:: Work to be completed ::
All of the entries below should be printed exactly; the pictures are to be left out.
*** Data provided Section Begins ***
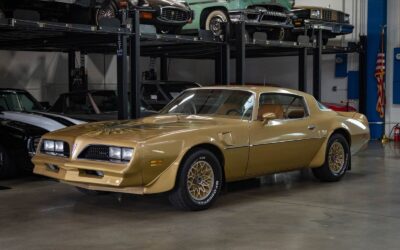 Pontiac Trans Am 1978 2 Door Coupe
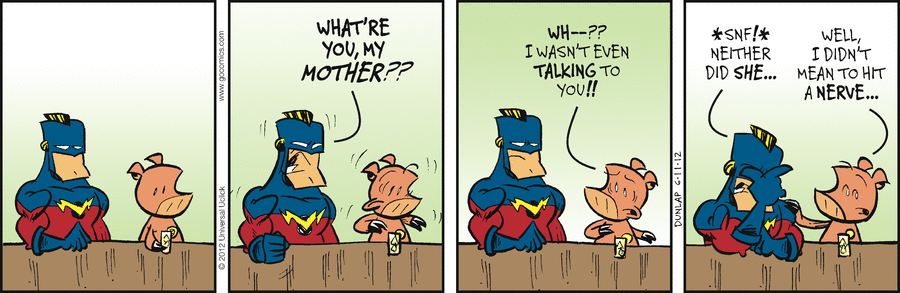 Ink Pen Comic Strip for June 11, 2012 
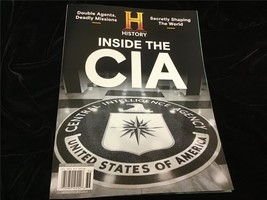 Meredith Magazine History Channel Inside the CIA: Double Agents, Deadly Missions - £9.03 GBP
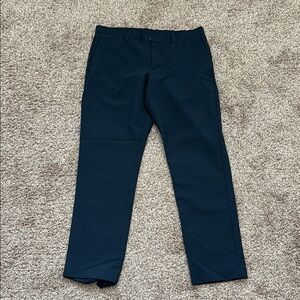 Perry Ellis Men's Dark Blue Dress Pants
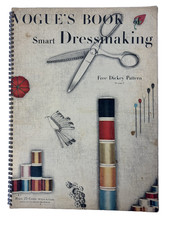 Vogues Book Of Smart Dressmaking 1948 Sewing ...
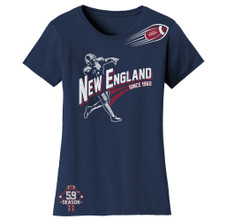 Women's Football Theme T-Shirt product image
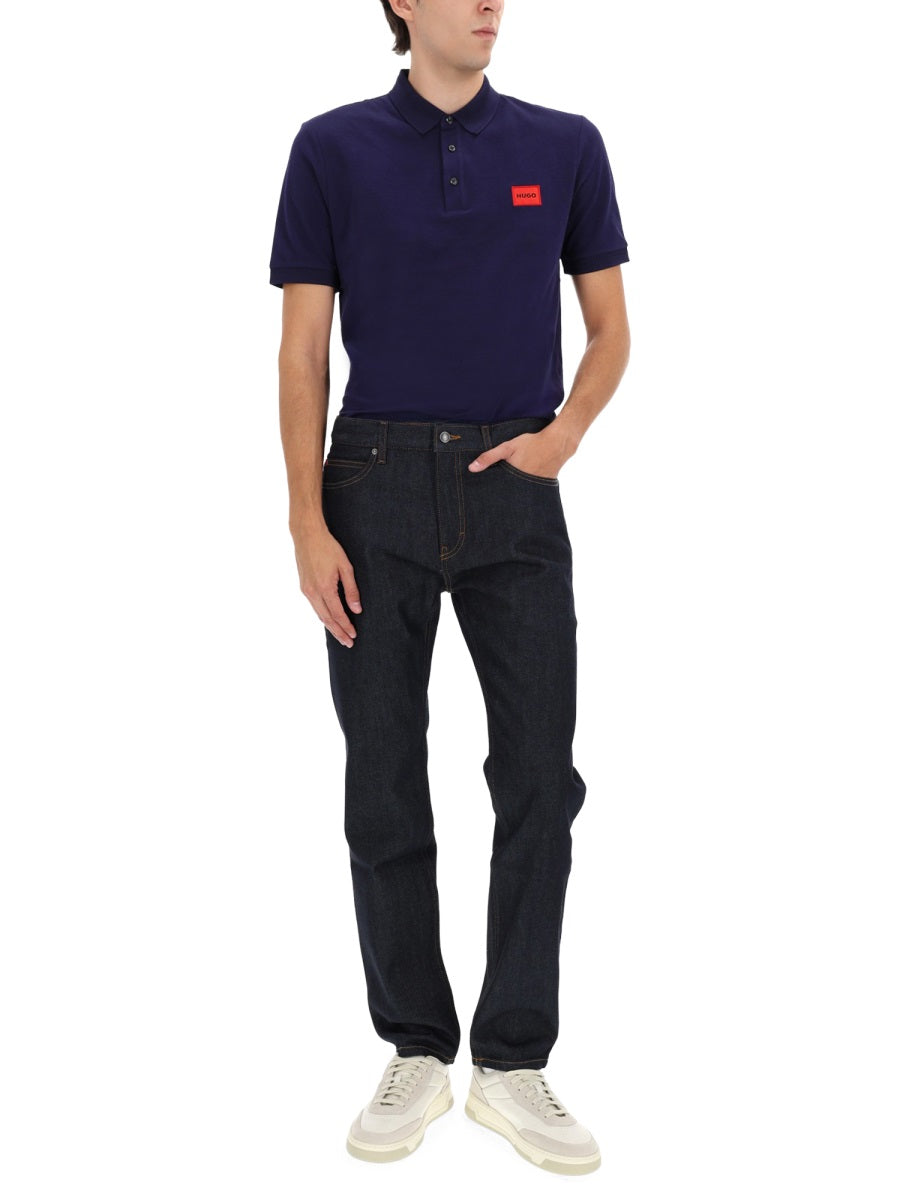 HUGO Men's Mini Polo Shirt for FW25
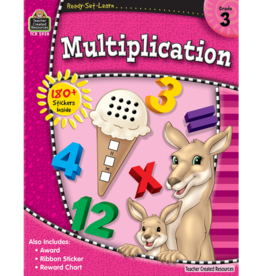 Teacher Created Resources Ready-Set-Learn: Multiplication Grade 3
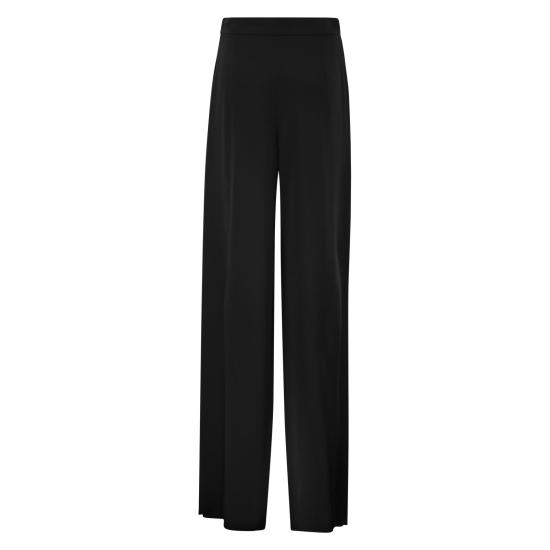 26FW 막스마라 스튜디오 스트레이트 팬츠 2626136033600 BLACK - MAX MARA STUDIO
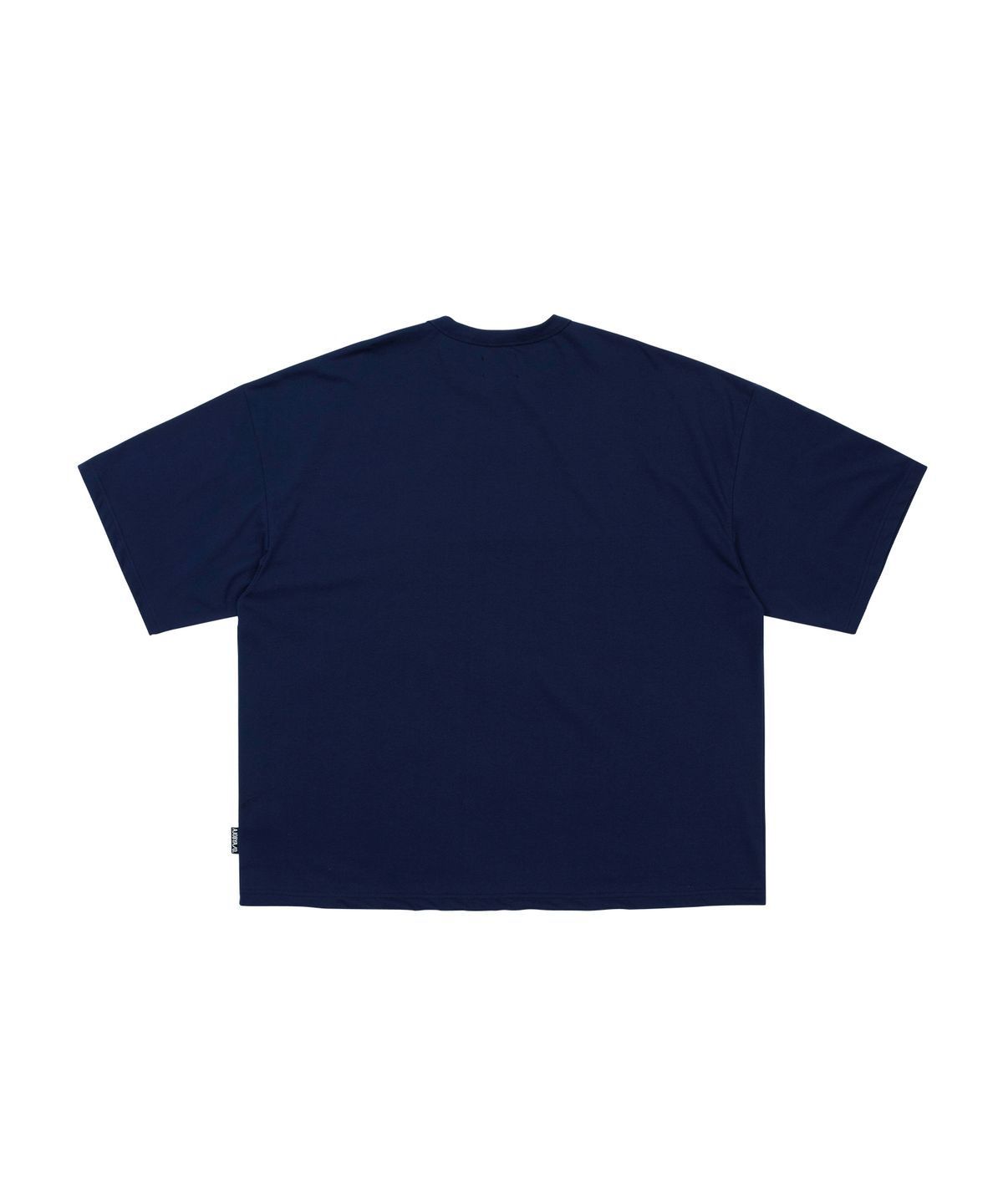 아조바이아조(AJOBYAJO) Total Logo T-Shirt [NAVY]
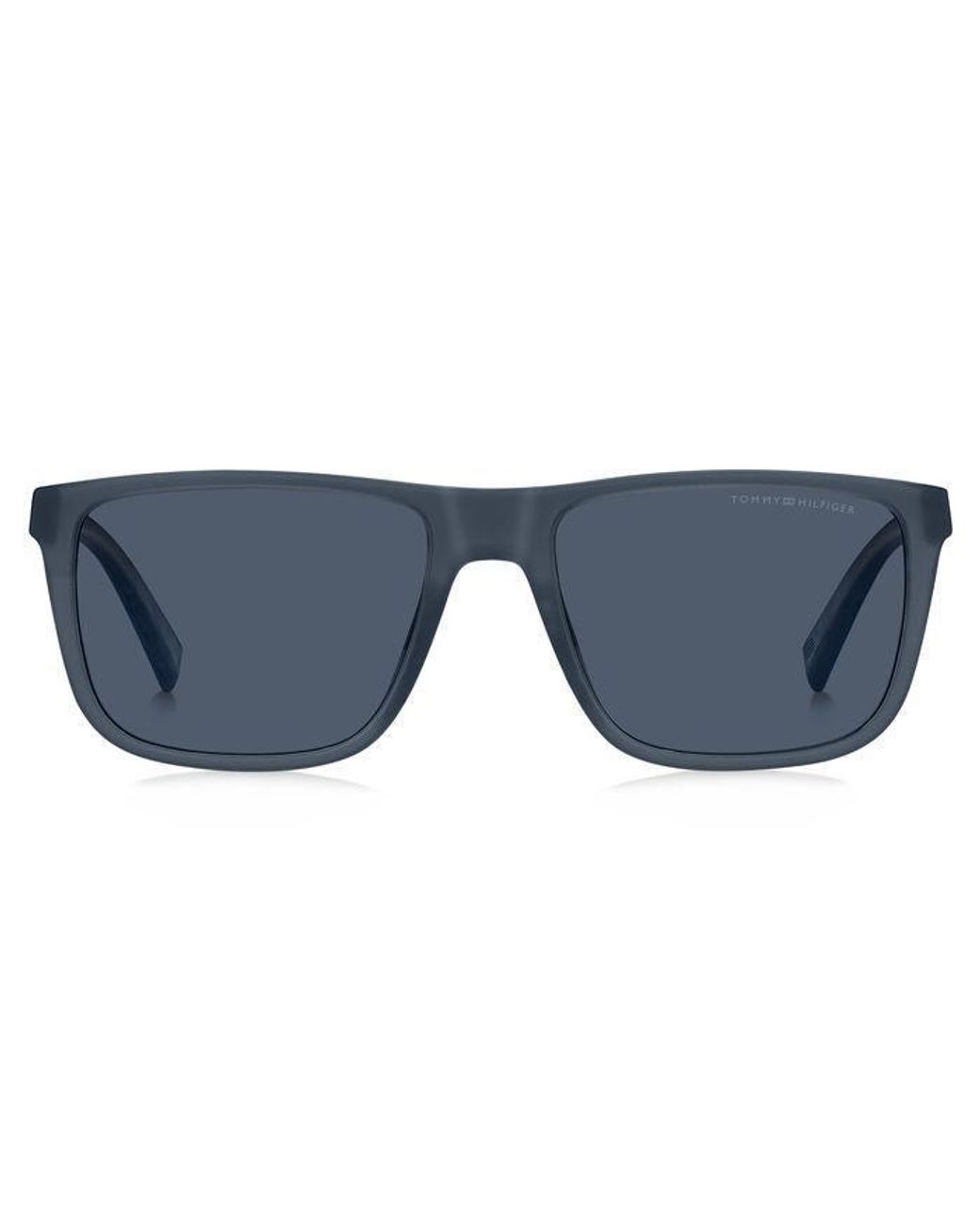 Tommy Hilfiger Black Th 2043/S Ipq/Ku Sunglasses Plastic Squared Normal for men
*** Data provided Section Ends ***
:: Exercise solution ::
 Pontiac Trans Am 1978 2 Door Coupe
 Ink Pen Comic Strip for June 11, 2012 
 Meredith Magazine History Channel Inside the CIA: Double Agents, Deadly Missions - £9.03 GBP
 Perry Ellis Men's Dark Blue Dress Pants
 Vogues Book Of Smart Dressmaking 1948 Sewing ...
 Women's Football Theme T-Shirt product image
 HUGO Men's Mini Polo Shirt for FW25
 Teacher Created Resources Ready-Set-Learn: Multiplication Grade 3
 26FW 막스마라 스튜디오 스트레이트 팬츠 2626136033600 BLACK - MAX MARA STUDIO
 아조바이아조(AJOBYAJO) Total Logo T-Shirt [NAVY]
 Tommy Hilfiger Black Th 2043/S Ipq/Ku Sunglasses Plastic Squared Normal for men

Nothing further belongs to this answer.